# DEC-4B-021: Judge Pass Count and Statistical Power
**Date:** 2026-02-13
**Context:** Determining how many judge passes to run within Gemini 3 Pro's 250 calls/day rate limit. Each pass = 39 queries × 1 ordering. Budget allows up to 6 passes per judge per day (234 calls).
## Power Analysis
### Primary Test: Paired Wilcoxon Signed-Rank (N=39)
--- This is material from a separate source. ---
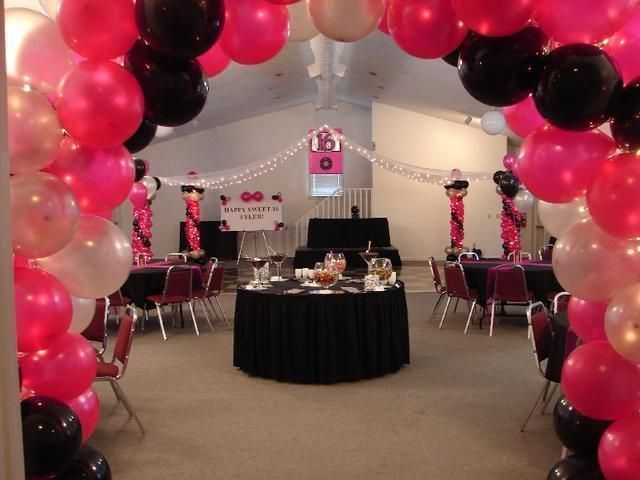 event-and-party-organizers-in-dubai-for-corporate-and-private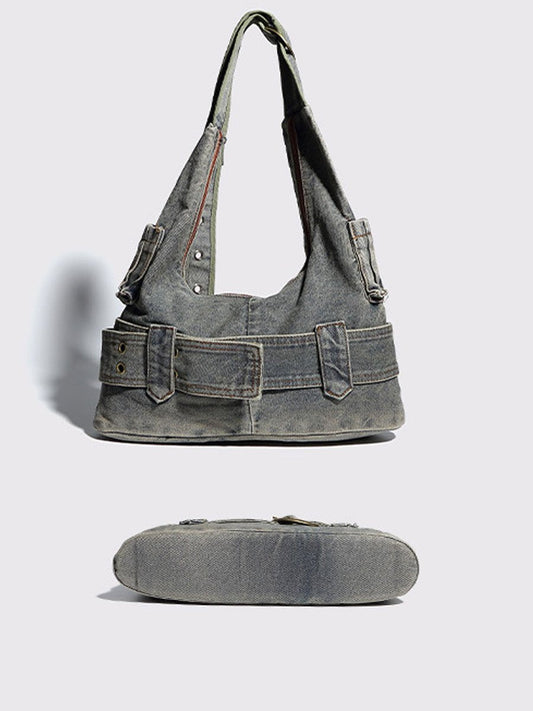 https://cdn.shopify.com/s/files/1/0988/8700/8598/files/jpg_9f6b7fe7-8e4e-409a-b3d0-0871d99092ae.jpg?v=1775086199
| Effect size d | Power | Detectable Δ (sd=2) | Detectable Δ (sd=3) |
|---|---|---|---|
| 0.3 (small) | 0.55 | 0.6 CQS pts | 0.9 CQS pts |
| 0.4 | 0.77 | 0.8 pts | 1.2 pts |
| 0.5 (medium) | 0.91 | 1.0 pts | 1.5 pts |
| 0.8 (large) | 0.999 | 1.6 pts | 2.4 pts |
### Subgroup Power (the real constraint)
| Subgroup | N | d=0.5 power | d=0.8 power |
|---|---|---|---|
| All queries | 39 | 0.91 | 0.999 |
| Edge cases | 23 | 0.72 | 0.975 |
| Normal queries | 16 | 0.56 | 0.90 |
| Traps only | 11 | 0.41 | 0.75 |
### Diminishing Returns of Additional Passes
With noise/signal ratio = 1.0 (conservative assumption):
| Passes | Measurements/query | Effective d | Power (N=39) | Power (N=23) | Marginal gain |
|---|---|---|---|---|---|
| 2 | 6 | 0.463 | 0.87 | 0.68 | — |
| 4 | 12 | 0.480 | 0.89 | 0.70 | +0.02 |
| 6 | 18 | 0.487 | 0.90 | 0.71 | +0.01 |
| 8 | 24 | 0.490 | 0.91 | 0.72 | +0.005 |
| 12 | 36 | 0.493 | 0.90 | 0.71 | -0.002 |
**Key insight:** Additional passes reduce measurement error but do not increase the number of independent observations. The bottleneck is N=39 queries, not judge noise. Going from 6 to 12 passes buys ~1% power — not worth a second day of API calls.
## Decision
**6 passes per judge (234 calls/judge, 702 total), single day execution.**
| Pass | Ordering | Purpose |
|---|---|---|
| 1 | control_first | Base scoring |
| 2 | treatment_first | Position bias measurement |
| 3 | control_first | Test-retest #1 |
| 4 | treatment_first | Test-retest #1 × position |
| 5 | control_first | Test-retest #2 (confidence intervals) |
| 6 | treatment_first | Test-retest #2 × position (CIs) |
### What this enables
- Position bias: full battery, both orderings, 3 replications each
- Test-retest ICC: 6 measurements per query per judge (3 per ordering)
- Per-query confidence intervals: bootstrappable from 18 measurements (3 judges × 6 passes)
- Google position bias reproduction: direct comparison to FedSurvConceptMapper finding
- Split-half reliability: can split 6 passes into two groups of 3
### What this does NOT fix
- Trap-query subgroup (N=11) is underpowered at d=0.5 (power=0.41)
- Normal-query subgroup (N=16) is underpowered at d=0.5 (power=0.56)
- If subgroup effects matter, **add more queries** in a future battery, don't add passes
### Rate limit compliance
- Gemini 3 Pro hard limit: 250/day
- Our usage: 234/day (93.6% utilization)
- Headroom: 16 calls for retries on parse failures
## Trade-off
More passes vs. more queries. Passes reduce noise; queries increase statistical power. At N=39, we are noise-limited only for the overall comparison. For subgroup analysis, we are sample-size-limited. Future work should expand the battery (especially edge cases and traps) rather than increase passes.
> "Model stochasticity is a parameter to manage; system nondeterminism is a failure mode to control." — B. Webb
The 6-pass design manages judge stochasticity (measurement noise) while accepting the fixed N=39 as a known limitation documented for future improvement.